Hussein sangat tersentuh. Air matanya berlinang mengingat perjuangan dan kesetiaan istrinya. Ketika itu, masuklah seorang pemuda berwajah cerah dan tampan mengenakan jubah seorang imam. Pemuda yang sama, yang dilihatnya beberapa saat lalu di rumahnya.

Setelah salat usai, Hussein menghadapkan wajahnya ke arah desa tempat gurunya tinggal dan membungkuk dalam-dalam sambil berucap: ”Beribu-ribu terima kasih dan kiranya rahmat tercurah untukmu, wahai guruku yang tidak ada bandingannya!” Ketika warga desa yang terheran-heran menanyakan tentang sikapnya yang aneh tadi, iapun menceritakan semua kisahnya. Bahwa dialah Hussein yang pergi selama tigapuluh tahun. Dan bagaimana ia telah menghabiskan waktunya selama setahun untuk mempelajari awal kearifan yang telah mencegah sebuah peristiwa yang mengerikan. Ia merangkul anaknya dan bersama-sama pulang ke rumahnya.

***
Saya tidak tahu apakah kisah ini mampu menjawab atau sekaligus menegaskan keraguan kawan saya Andi Harun tentang wujud idealisme simbolik yang kunamai kota kearifan. Tapi sebagaimana awal kearifan itu disebut kesabaran, maka ijinkanlah saya bersembunyi atas nama kesabaran itu sendiri untuk keterlambatan tulisan-tulisan yang lebih otentik dan original.

Kepada Erna ingin kusampaikan bahwa sebuah kisah - atau juga mungkin dongeng - terkadang bisa menjadi "teknologi" ampuh dalam kerangka menyampaikan nilai tertentu. Dengan kisah kita bisa mencermini kehidupan, karena seperti kata Kahlil Gibran, dalam kisah ada drama kehidupan. Ada panggung sandiwara yang di dalamnya manusia belajar dari drama itu. Kenapa? Karena manusia adalah homo fabula, makhluk pengisah, dan sebagian yang lainnya adalah makhluk mimesis, makhluk yang selalu meniru sesuatu yang ia kagumi.

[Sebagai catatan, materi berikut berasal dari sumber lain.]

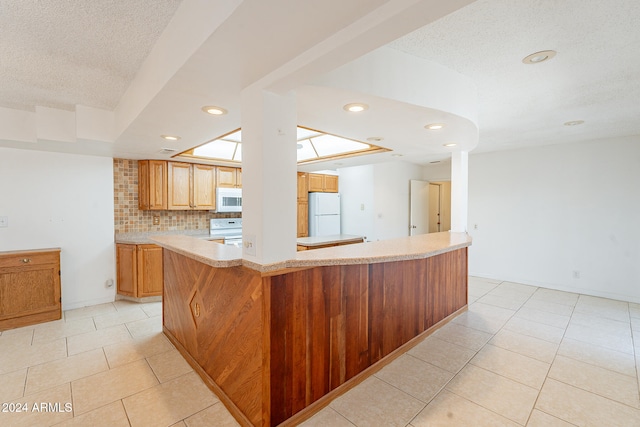 kitchen featuring white appliances, a skylight, backsplash, kitchen peninsula, and light tile patterned floors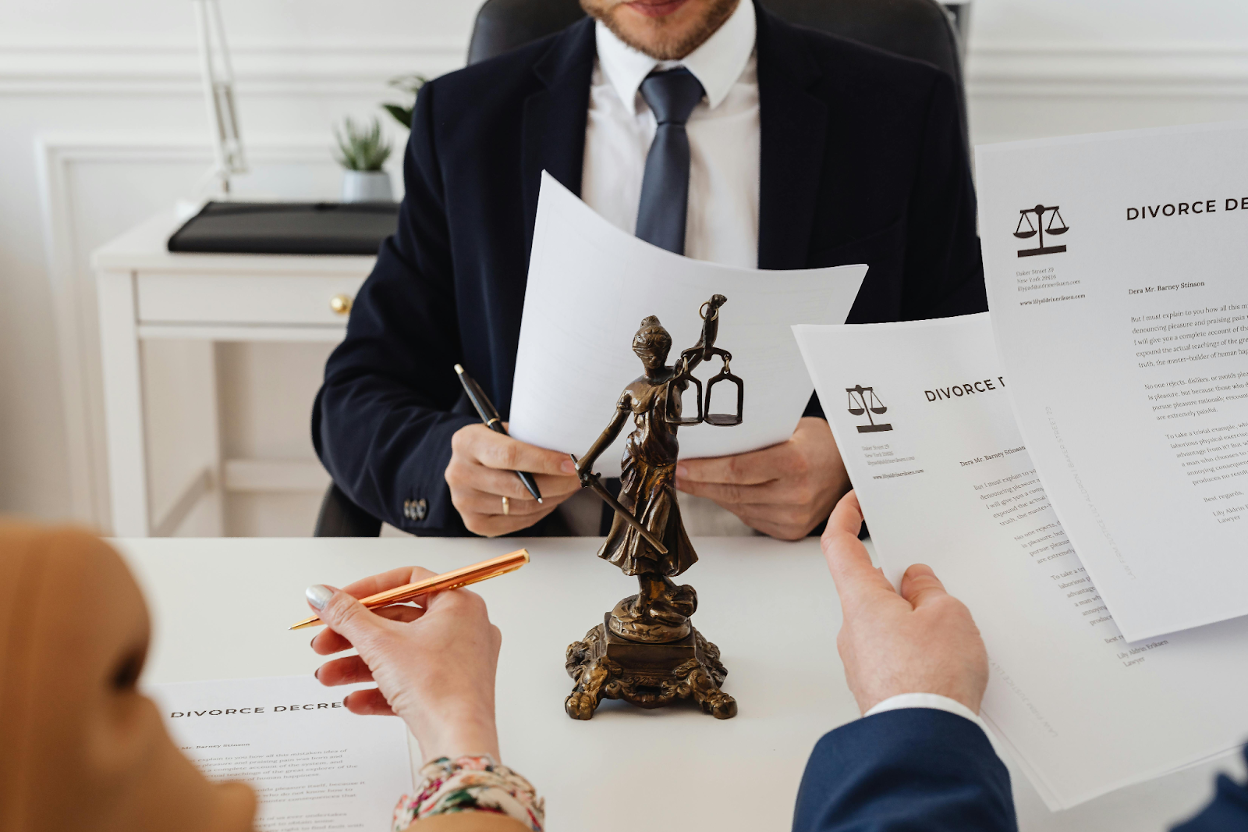 A lawyer reviewing corporate contract documents with clients, with a Lady Justice statue on the desk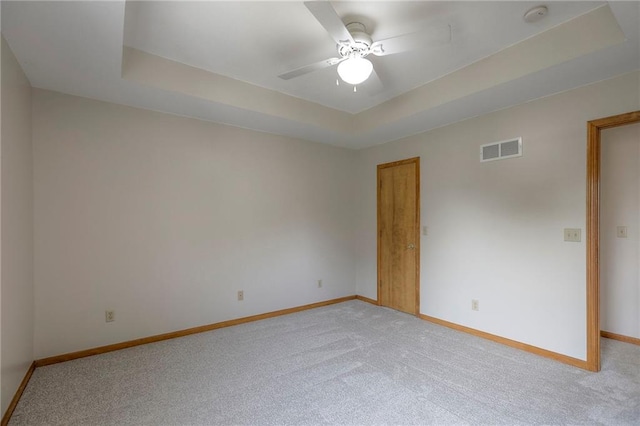 833 SW Harvest Dr, Grain Valley, MO 64029 - spare room featuring light carpet, baseboards, a ceiling fan, a raised ceiling, and a smoke detector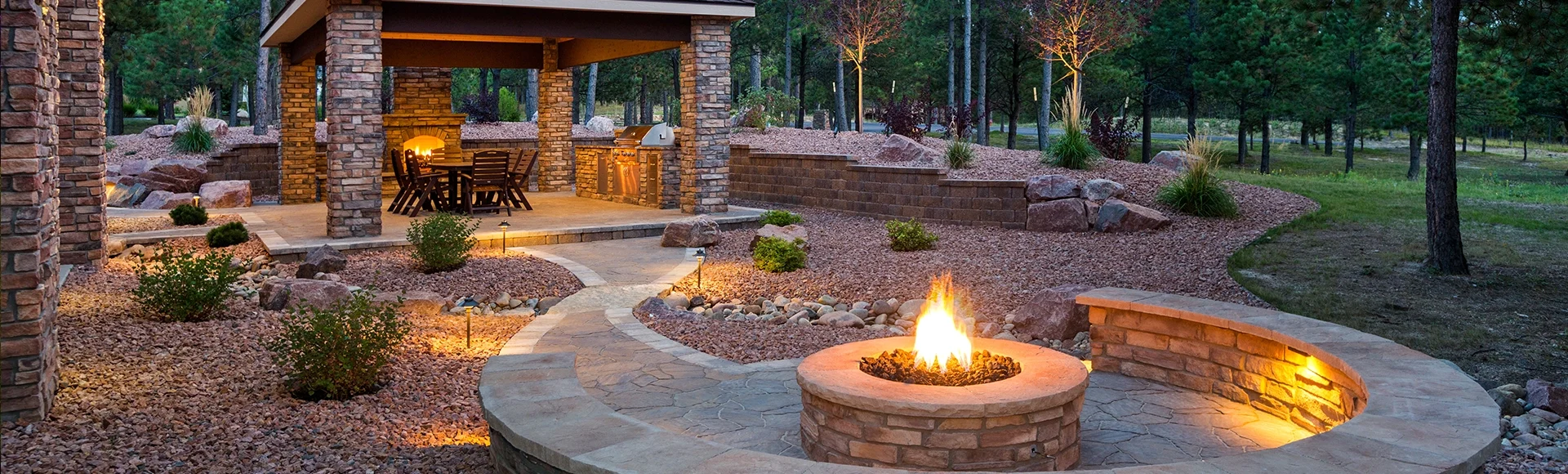 Large paver patio with fire pit, fire place and pergola. 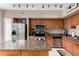 Modern kitchen with stainless steel appliances, granite countertops, and ample cabinet space, offering both style and functionality at 1920 E Bell Rd # 1189, Phoenix, AZ 85022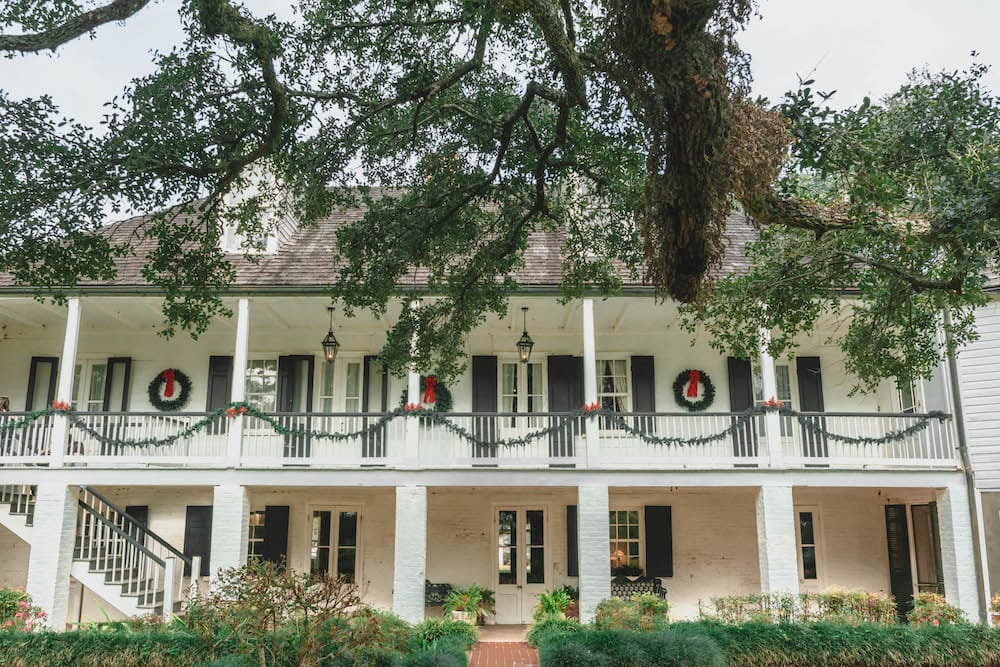 A cute white house decorated for the holidays with wreaths, garland, and red bows in Natchitoches, Louisiana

Tapi lebih dari itu semua, hampir semua kitab suci berisi kisah-kisah, terutama sekali kisah masa lalu. Tentang alamnya, tentang kehidupan manusianya di berbagai aspek. Untuk memperingatkan manusia, Tuhan selalu berkisah. Misalnya, untuk mengingatkan manusia akan bahaya totalitarianisme, Tuhan mengisahkan Fir'aun. Untuk mengingatkan soal bahaya kerakusan, maka Dia memunculkan Qorun dan masih banyak lagi.

Saya mengakhiri tulisan ini ketika saya mendengarkan pengumuman di corong masjid dekat rumah saya bahwa seorang warga baru saja meninggal dunia. Innalillah, semoga penutup kisah duniawi tetangga saya itu adalah kisah kebahagiaan menuju akhirat.